Für diese Varianten wurden folgende Laufzeiten ermittelt:
Tabelle 11:
Gemessene Laufzeiten | ||
Glieder | 12 | 14 |
Nur Zählen | 9,7s | 9,8min |
Zählen mit AGn-Zerlegung | 39,2s | 99,4min |
Nur Zählen, gem. kin. Ketten analysieren | 29,4s | 79,4min |
Zählen mit AGn-Zerlegung, gem. kin. Ketten ausnutzen | 41,2s | 108,1min |
Daraus lassen sich für die einzelnen Teile des Algorithmus folgende Teillaufzeiten berechnen:
Tabelle 12:
Teillaufzeiten | ||
Glieder | 12 | 14 |
Ableiten der MTen | 9,7s | 9,8min |
Analyse der gem. kin. Ketten | 19,7s | 69,6min |
AG-Zerlegung | 29,5s | 89,6min |
AG-Zerlegung, gem. kin. Ketten ausnutzen | 11,8s | 28,7min |
Berechnet man daraus nun die durchschnittliche Laufzeit pro Typ, ergibt sich folgendes Bild:
Tabelle 13:
Durchschnittliche Laufzeiten für einen einzelnen Typ | ||
Glieder | 12 | 14 |
Kettentypen | 6.856 | 318.162 |
MTen | 195.816 | 11.429.024 |
Durchschnittliche MTen pro Kettentyp | 29 | 36 |
Ableiten der MTen, Durchschnitt pro Kettentyp | 1,4ms | 1,8ms |
Analyse, Durchschnitt pro Kettentyp | 2,9ms | 13,1ms |
AGn-Zerlegung, Durchschnitt pro Kettentyp | 0,15ms | 0,47ms |
AGn-Zerlegung, gem. kin. Ketten ausnutzen, Durchschnitt pro Kettentyp | 0,06ms | 0,15ms |
Die AGn-Zerlegung ist also sehr zeitaufwändig im Vergleich zum bloßen Ableiten und Zählen der MTen. Grund: die Ableitung der MTen erfolgt nur einmal pro Kettentyp, die AGn-Zerlegung dagegen für jeden einzelnen dieser MTen. Bei den 14-gliedrigen MTen steigt die Dauer der Statistik-Prozedur durch eine zusätzliche AGn-Zerlegung auf das zehnfache. Daran kann auch das in 2.4. entwickelte Verfahren zum Ausnutzen gemeinsamer kinematischer Ketten nichts ändern - im Gegenteil. Obwohl die Methode beim Erheben der Statistik unter optimalen Umständen arbeitet - von jeder Kette werden alle abgeleiteten MTen untersucht - ist der Algorithmus damit in fast allen Fällen langsamer als die einfachere Variante, die jeden MT einzeln untersucht. Nur wenn die MTen hinsichtlich der Eigentlichkeit eingeschränkt sind oder eine Statistik über die Eigentlichkeit aufgestellt werden soll, bringt die Analyse der gemeinsamen kinematischen Kette einen leichten Zuwachs an Geschwindigkeit, denn sie erspart in diesem Fall die AGn-Zerlegung.
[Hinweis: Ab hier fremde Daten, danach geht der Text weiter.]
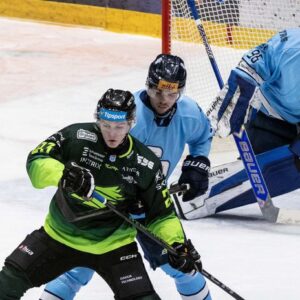 Slovan zrazil Žilinu, Trenčín poslal Poprad do hlbokej krízy.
Der Grund dafür, dass das Verfahren im Vergleich so schlecht abschneidet, lässt sich aus obigen Tabellen erkennen. Zwar geht die AGn-Zerlegung mit Hilfe der einmalig aus der Kette gewonnen Informationen tatsächlich wesentlich schneller, doch die Analyse der Kette selbst ist derart zeitaufwändig, dass dieser Vorteil letztendlich ins Gegenteil verkehrt wird. Die Kettenanalyse ist außerdem der Vorgang, dessen Laufzeit mit zunehmender Gliederzahl am stärksten ansteigt. Die Komplexität eines Algorithmus, der Gliedermengen einer Struktur durchsucht, kann sich pro zusätzlichem Glied maximal verdoppeln. Die Kettenanalyse schöpft diese Steigerungsrate der Laufzeit aufgrund ihres Algorithmus vollständig aus. Die anderen Algorithmen, wie z.B. die einfache AGn-Zerlegung, tun dies dagegen nicht ganz, wie in Tabelle 13 zu sehen ist. Deshalb wird die Analyse der gemeinsamen kinematischen Ketten auch bei Strukturen mit noch mehr Gliedern als in dieser Arbeit betrachtet nicht attraktiver. Die einfache AGn-Zerlegung ist in den meisten Fällen vorzuziehen, zumal sie einfacher in der Handhabung ist und eine unter allen Umständen optimale Laufzeit bietet.